Burundi : Seize présumés rebelles arrêtés à la frontière congolaise.

Seize présumés Burundais accusés de participation aux mouvements rebelles ont été arrêtés dans la commune de Mutimbuzi de la province de Bujumbura rurale, sont aujourd’hui détenus au cachot de la police de Gatumba (à 15 km de Bujumbura vers l’ouest) à la frontière congolaise, a déclaré à la presse ce jeudi, Patrice Niyonzima, procureur de la République à Bujumbura.

Ces arrestations ont eu lieu à la suite d’une attaque armée perpétrée, il y a près de deux semaines contre des militaires burundais en patrouille près de la frontière congolaise.  «La police a mis la main sur eux en procédant aux enquêtes après une embuscade tendue dans ce secteur contre des éléments des forces de l’ordre en date du 11 août 2017, qui a coûté la vie à un militaire», a déclaré Patrice Niyonzima, procureur de la République à Bujumbura.

Tout aura commencé par deux personnes qui ont dénoncé les autres avant d’être elles-mêmes arrêtés. «Il y a d’abord deux personnes qui se sont rendues d’eux-mêmes à la police pour dénoncer les autres, arguant qu’ils les avaient vus en République démocratique du Congo en uniformes militaires», a expliqué le procureur de la République à Bujumbura.

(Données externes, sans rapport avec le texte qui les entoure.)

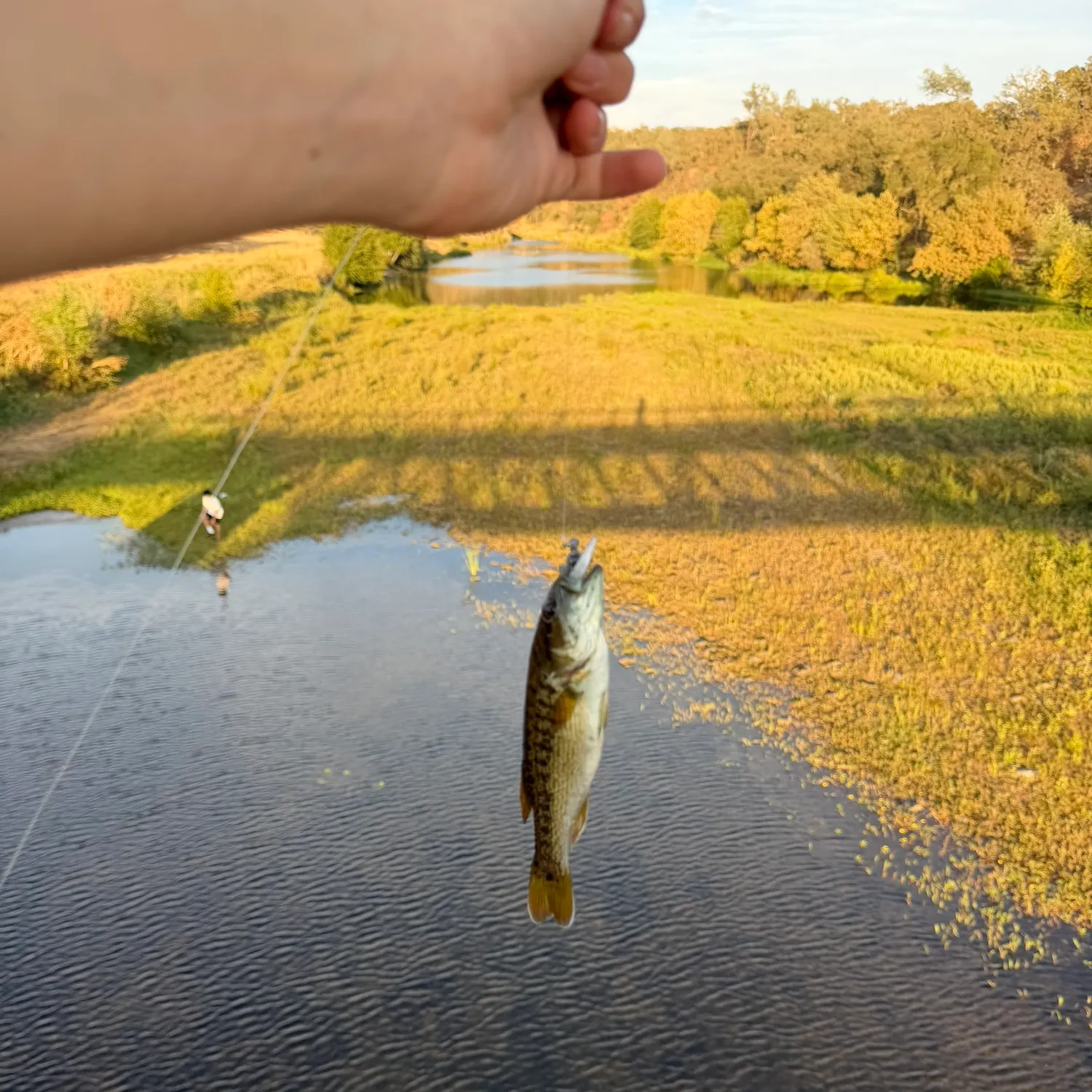 Redeye bass caught on Fishbrain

Le coup de filet policier a aussi visé deux responsables administratifs. «Deux autres sont des responsables administratifs locaux dont l’un est même membre du comité mixte de sécurité».

D’autres ont été interceptés alors qu’ils tentaient de franchir la frontière congolaise avec de faux documents. «Deux autres ont été arrêtées par la police en possession de fausses cartes d’identité au moment où elles allaient traverser la frontière ».

Selon le procureur, l’instruction du dossier par la police judiciaire est déjà terminée. Ils seront bientôt transférés à la prison centrale de Mpimba (Bujumbura) pour attendre le jugement.

Plusieurs mouvements rebelles burundais essaiment l’Est de la République démocratique du Congo d’où ils perpètrent des attaques au Burundi.

Le Burundi a plongé dans une grave crise politico-sécuritaire depuis que Monsieur Pierre Nkurunziza avait annoncé, en avril 2015, sa candidature à un troisième mandat, jugé non constitutionnel par l’opposition, la société civile et de larges pans de son propre parti. Un mandat qu’il a, quand même, obtenu en juillet de la même année au terme d’une élection boycottée par l’opposition.

Les violences consécutives à cette crise ont déjà fait plus d’un millier de morts et poussé plus de 400.000 personnes à fuir le pays, selon le rapport de l’agence de l’ONU pour les refugiés (UNHCR) publié le 15 Août 2017.